3. Qualität im Labor

3.1 Digitales Labor und die Methode der Öffnung

[17]Digitale Peer-Review-Portale funktionieren in mehreren Hinsichten als ein Labor für die qualitative Verbesserung der bisherigen Praxis und ihrer Ergebnisse. Mir geht es weniger darum, für eine konkrete Plattform oder ein einziges Modell des Open Peer Reviews zu argumentieren. Ich schließe mich dem Urteil Ross-Hellauers[29] und dem von Fitzpatrick / Santo[30] an, dass es kein einzelnes Passpartout-Modell gibt bzw. geben kann, das allen Formaten und Ansprüchen an die Praxis optimal gerecht wird.[31] Für die Verbesserung der Ergebnisse des Review-Verfahrens, d. h. der begutachteten geisteswissenschaftlichen Arbeiten, gehe ich auf das von Ross-Hellauer als Kernmerkmal geistes- und sozialwissenschaftlicher Definitionen bezeichnete Merkmal open participation ein.

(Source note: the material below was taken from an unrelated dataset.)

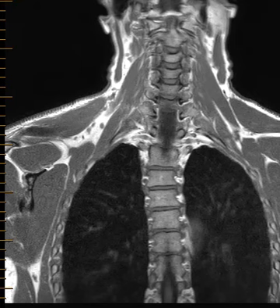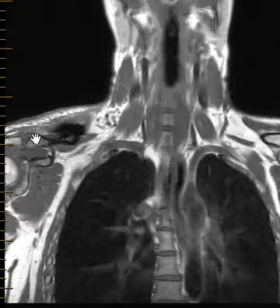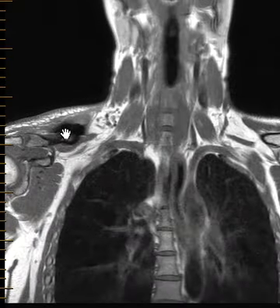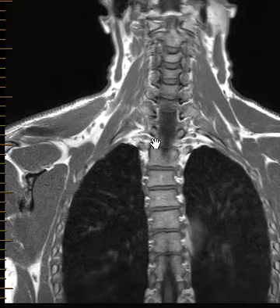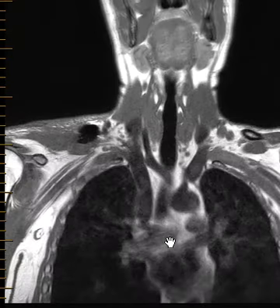Hello, this is Dr. Gay from First Lake MRI. This is a 34-year-old male with complaints of right-sided upper extremity neurologic complaints who had been thrown from a horse a month or so ago and fractured their clavicle, had subsequent internal orthopedic fixation. We can see over here on the right, this is the hardware going across the clavicle that's been fixed. This is the cervical spine up here, thoracic spine, and they wanted to do an MRI of the brachial plexus to evaluate their neurologic complaints.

Es impliziert die weiteren Merkmale open pre-review manuscript und open report,[32] scheint aber mit der Anonymisierung der Reviewenden kompatibel. Inwiefern kann bei open participation von Laborbedingungen die Rede sein, insbesondere in Anbetracht der nicht-empirischen Natur meiner Argumentation?

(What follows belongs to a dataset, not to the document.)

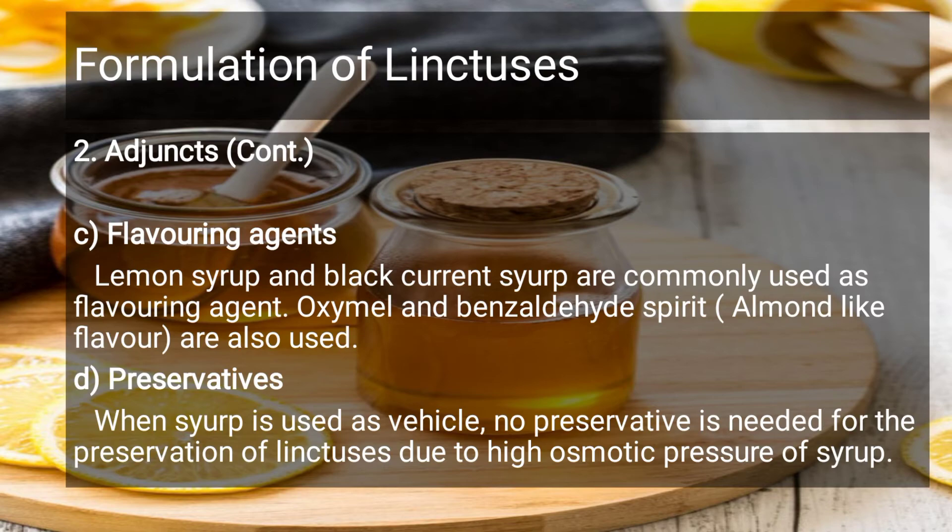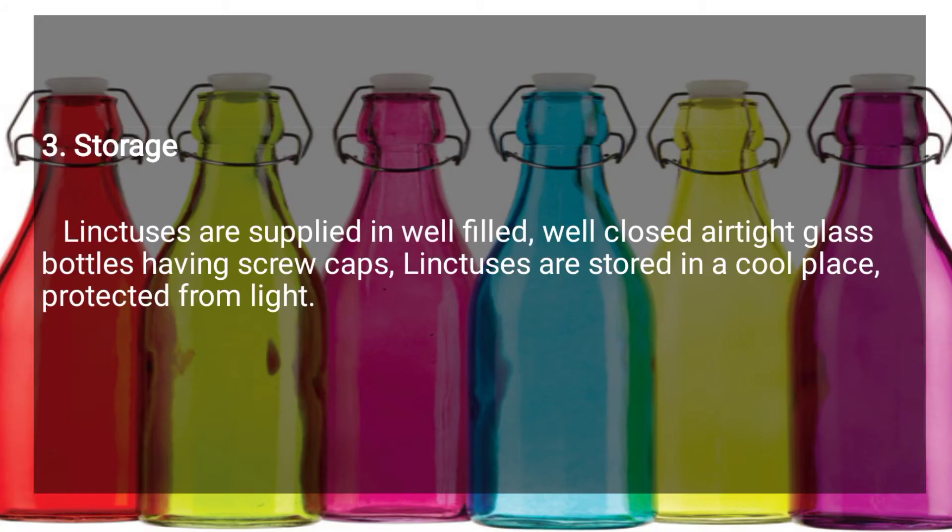Regarding preservatives: if you are using syrup as a vehicle, it can act as a preservative because syrup has high osmotic pressure. As mentioned in the syrup video, the osmotic pressure functions the same as a preservative. For storage, use a well-fitted, well-closed, airtight bottle with screw caps, stored in a cool place, protected from light.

[18]Eine Lesart von Labor besteht im Experimentieren mit der Vielfalt digital-technischer Optionen, z. B. mit dem Working Paper der AG Digitales Publizieren,[33] das über Hypothes.is kommentiert werden konnte, dem offenen Post-Publication-Review-Format für den Band Fabrikation von Erkenntnis,[34] zu dem auch dieser Beitrag gehört. Zum Verständnis als Labor gehören auch die emergenten Erkenntnisse, die durch den Einsatz und die Kombination computergestützter Technologien entstehen (Versionierung, Hypertext, Durchsuchbarkeit, Transparenz, simultaner Zugang / Bearbeitung / Interaktion einer sehr großen Community, Überprüfbarkeit und nicht zuletzt freier Zugang zu Quellen).

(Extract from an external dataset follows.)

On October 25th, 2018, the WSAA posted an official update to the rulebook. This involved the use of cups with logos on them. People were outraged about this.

[19]Eine weitere Lesart hängt mit der Tradition wissenschaftlichen Arbeitens in den Geisteswissenschaften zusammen, zu der wesentlich die Entwicklung und Veränderung von Ideen gehört. Im STEM-Bereich gilt häufig, Ergebnisse zuerst zu erzielen und durch die Publikation zu sichern, d. h. an den eigenen Namen und die eigene Institution zu binden; eine Entdeckung bringt der ersten Forschungsgruppe das meiste Renommee und weitere Verwertungsmöglichkeiten wie Patente und Förderungen. Diese Sorge in Bezug auf die Schnelligkeit der Veröffentlichung gibt es im geisteswissenschaftlichen Publizieren nicht, auch weil die Konstellation viel seltener ist, dass mehrere Wissenschaftler*innen in Bezug auf die Forschung am selben Gegenstand (um erwartbar gleiche Ergebnisse) konkurrieren.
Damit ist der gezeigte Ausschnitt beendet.